→ What this task involves
Your job is to set down the stretch of entries that opens with the line containing "tattoo_Bcoco's tweet photo. 5月もありがとうございました‼︎" and closes with the line containing "最近女性のお客さま増えて嬉しい😊". Keep both end lines, copy each exactly, and add nothing.

→ Records supplied
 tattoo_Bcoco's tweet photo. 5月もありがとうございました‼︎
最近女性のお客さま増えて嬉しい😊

==

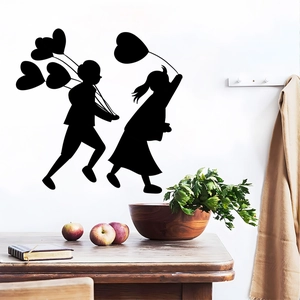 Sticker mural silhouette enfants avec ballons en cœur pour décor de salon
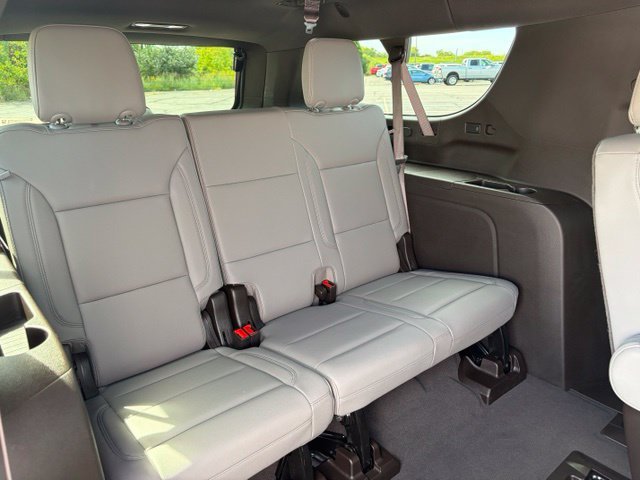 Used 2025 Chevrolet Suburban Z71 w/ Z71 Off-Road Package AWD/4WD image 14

→ Exercise answer
 tattoo_Bcoco's tweet photo. 5月もありがとうございました‼︎
最近女性のお客さま増えて嬉しい😊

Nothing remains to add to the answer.